[bitc-dev] Unicode RegExp Hell

Jonathan S. Shapiro Wed, 16 Apr 2014 22:57:07 -0700

I have a confession to make: I'm an idiot. If you've been on this list for
any length of time you already know this, but I thought it might be a good
idea to warn any relative newcomers. Today, I am an idiot on the subject of
regular expression processing for Unicode input.


It's curious. I know (specifically) how I went wrong, but I'm still puzzled
about how I got there. It seems to me, in hindsight, that I followed good
design principles to a bad end, and I'd be interested to hear any
suggestions that might debug this rather strange meta-level outcome.
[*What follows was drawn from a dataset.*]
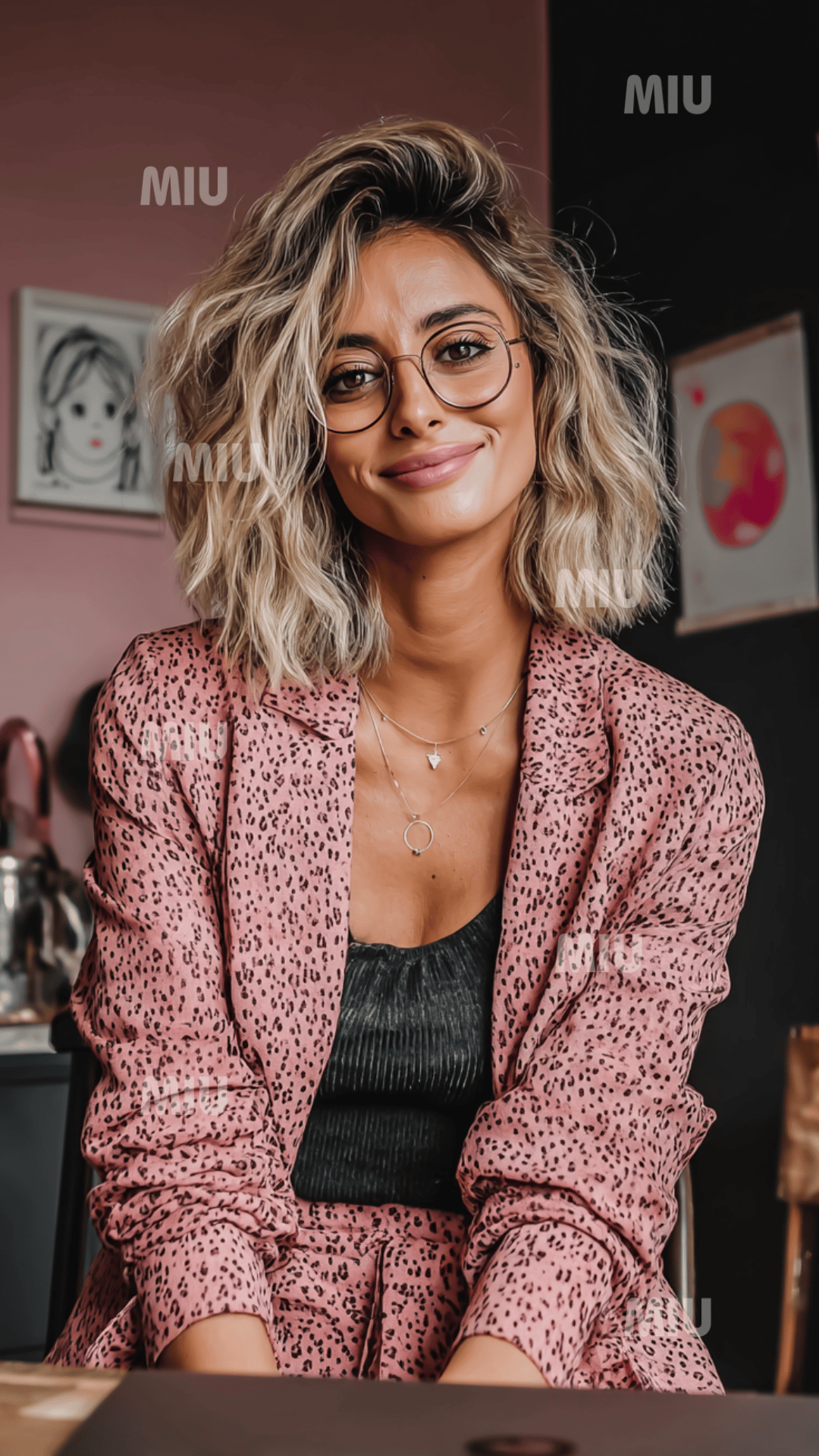 Visuel digital vertical d’une entrepreneuse moderne avec lunettes dans un univers créatif et professionnel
The context here was that I diverted to build a regular expression engine
for unicode regular expressions. Several of you pointed me at existing
engines, notably RE2, but I wanted this for use in a lexical analyzer, and
that introduced two specific requirements that don't seem to be supported
well by "off the shelf" RE engines:

   1. The ability to match multiple REs simultaneously (in parallel) and
   return a preset ID indicating which one matched. In effect: to return a
   token ID in addition to the string matched. This is a "generic" capability.
   2. The ability to "collapse" matches, so that (e.g.) we might recognize
   that the keyword "do" is matched by the generic identifier pattern, and
   that the right way (empirically) to handle this is to first match generic
   identifiers and then use table lookup to filter for keywords. This is an
   application-specific capability, but one that is well motivated for any
   number of applications, and especially so in a language that admits
   lexically scoped modifications to syntax tables (a.k.a. mixfix).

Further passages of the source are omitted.